Они мной не управляли, не были хозяевами. И жили мало, и могли мало. Хотя того, с маленькими усиками, другой вел, дал ему силу.
Сам путаюсь. Злюсь. Ну их. Подкрепляюсь, снова радуюсь, снова смотрю.
Другой сейчас злится. Он хотел всё себе. Его совсем мало кормят, он стал мелкий. Пакостный, мелкий, голодный. Здесь его всегда мало кормили, недавно чуть-чуть перепало, вот он поднялся. И хочет драться. Ему не нужен мой человек, моего человека ему не получить.
Ему нужно своего вперед.
Свой у него невкусный. Я таких видел. Одержимый. Может накормить, но мало и плохо.
Отгоняю другого. Пусть идет куда-нибудь. Захиреет, но не сдохнет — он старый. Как я или старше. Люди никогда не любили остальных людей. Белые не любили черных. Наоборот — тоже. Потом все не любили евреев. Теперь евреи не любят палестинцев. Так что он будет дальше.
А тут буду я. Долго буду я. Со своим человеком.
Я на другого выгибаюсь. Я на него расту, чтобы отогнать.
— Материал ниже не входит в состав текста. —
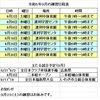 令和５年９月の練習日程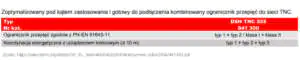 Koordynacja energetyczna ograniczników przepięć - Dehn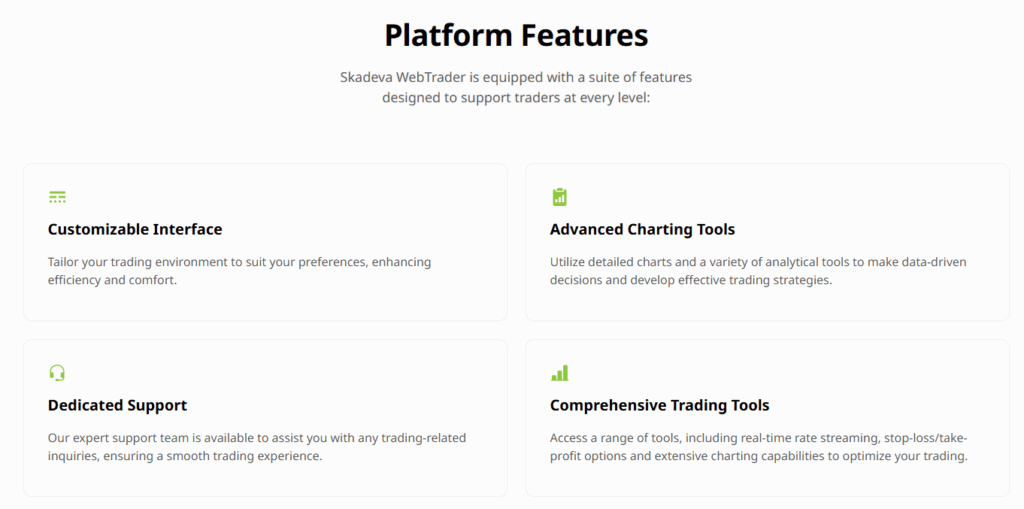 Skadeva trading charts 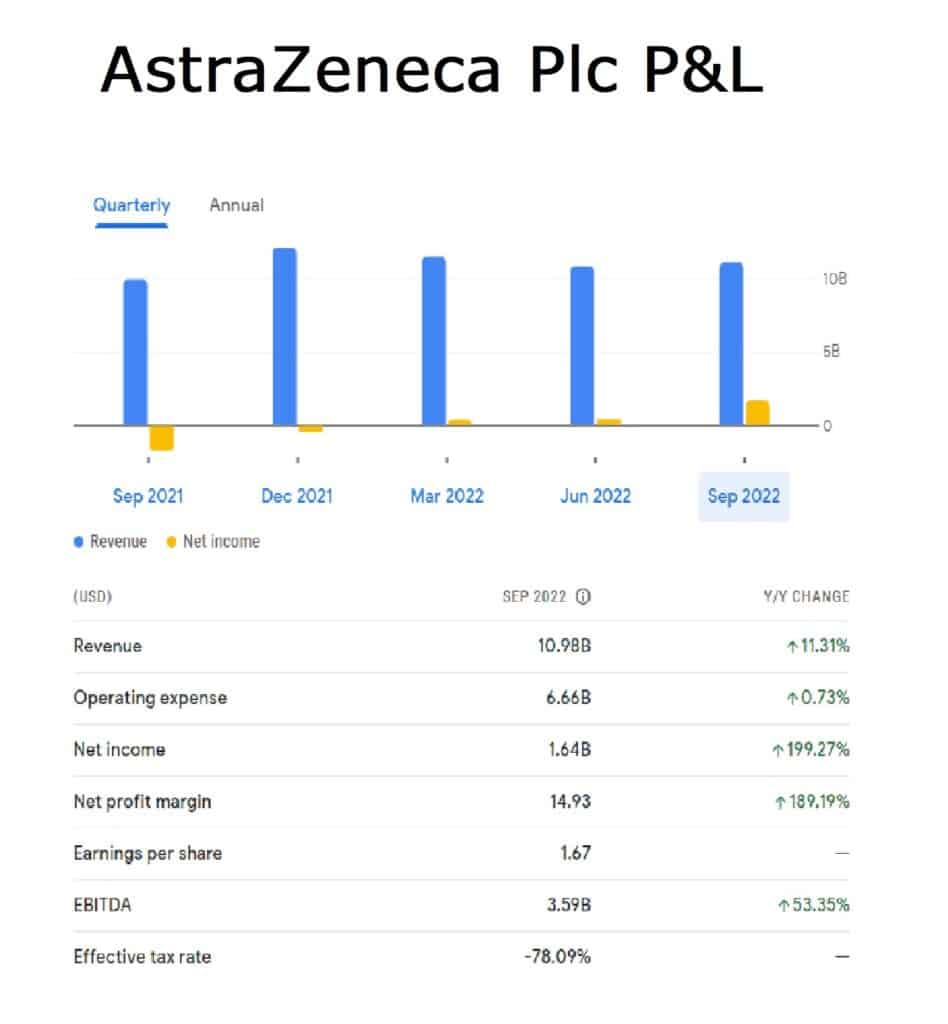 AstraZeneca Plc  Q3 2022 Profit & Loss Account Financial Summary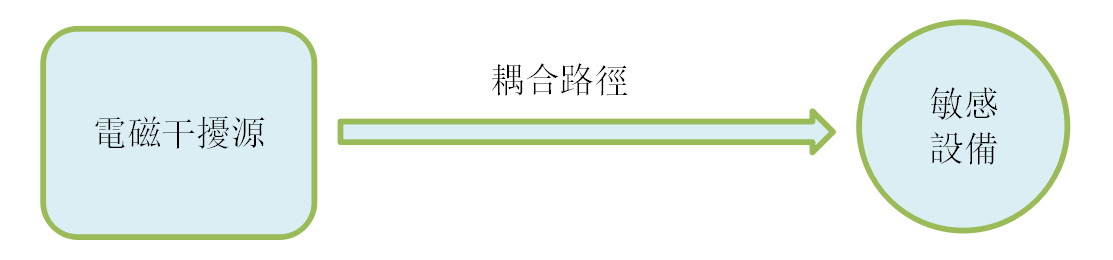 BTL检测集团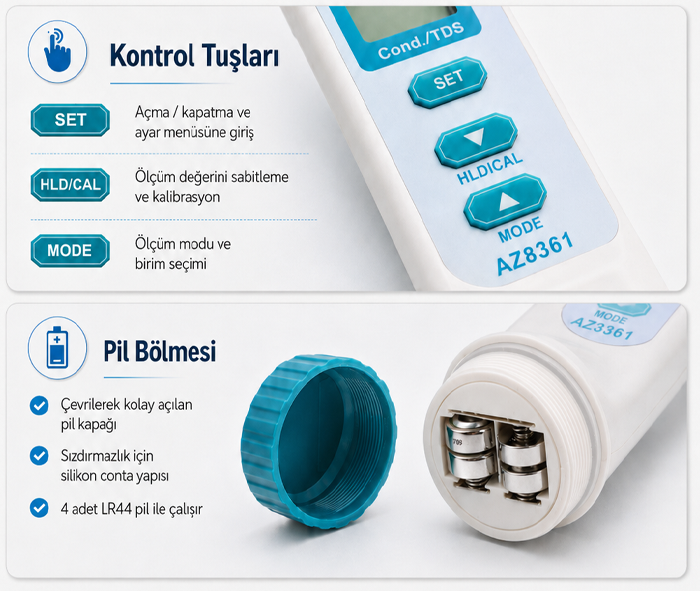 Dijital Su Test Cihazı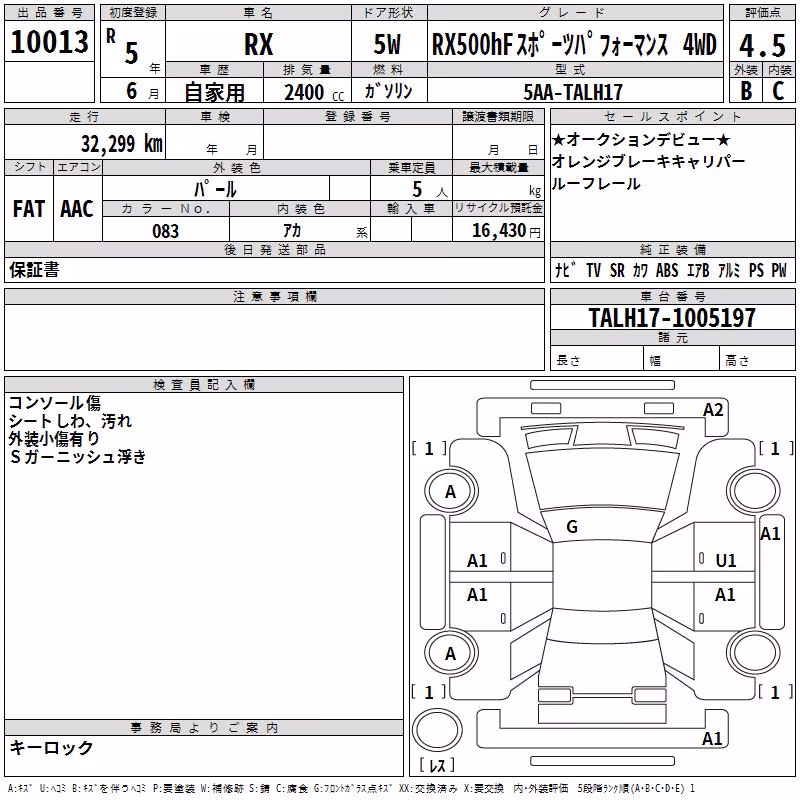 LEXUS RX500H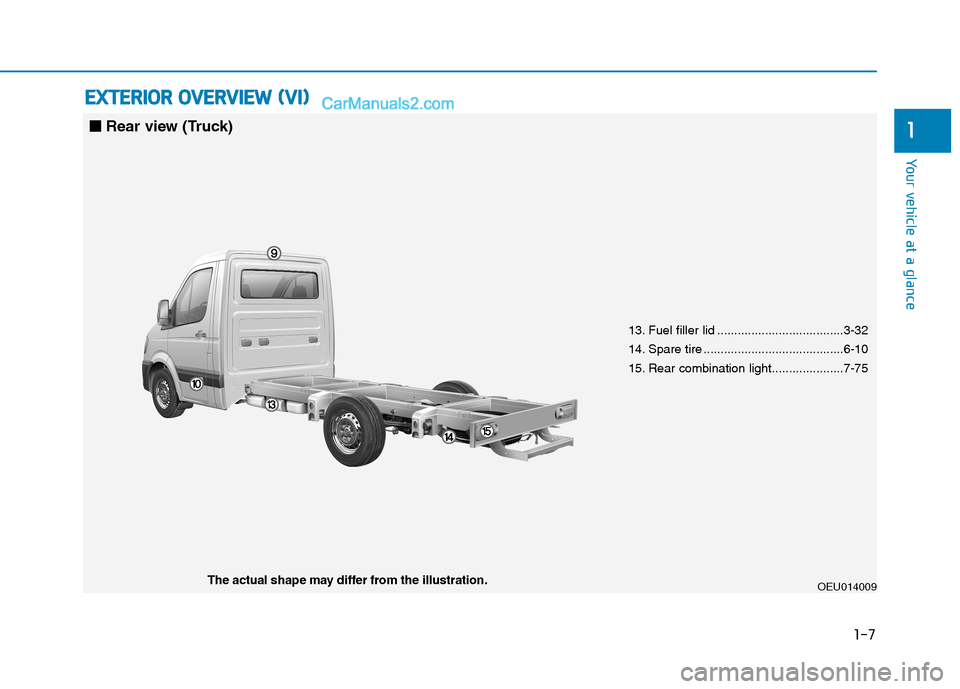 Hyundai H350 2015  Owners Manual 1-7
Your vehicle at a glance
EEXX TTEERR IIOO RR  OO VVEERR VV IIEE WW   (( VV II))
1
OEU014009The actual shape may differ from the illustration. 13. Fuel filler lid ..................................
А потом я понимаю. Я знаю. Я сделаю. Я нахожу его человека. Он лысый. У него на голове гнутый крест нарисован — не смоешь. Не помню слово, как так рисуют. Осматриваюсь. Ага. Вот друг моего человека. Я помогу. Я почти совсем вырос. Я мягко беру друга моего человека. Пусть сделает, как я хочу.
Все дороги в центре были перекрыты, но у Ника даже не проверили документы. Лупая пустыми глазами, офицеры и спецназовцы отдавали Нику честь. Радио продолжало лопотать про правительство, чрезвычайное положение, про невмешательство войск… Ник попросил убавить звук.
Он все понимал и так, он видел судьбу, мог мять ее, лепить из пластилина реальность по вкусу, он мог стать огромным и должен был стать таким. Надрывался телефон — отчитывался Стас, домогались корреспонденты.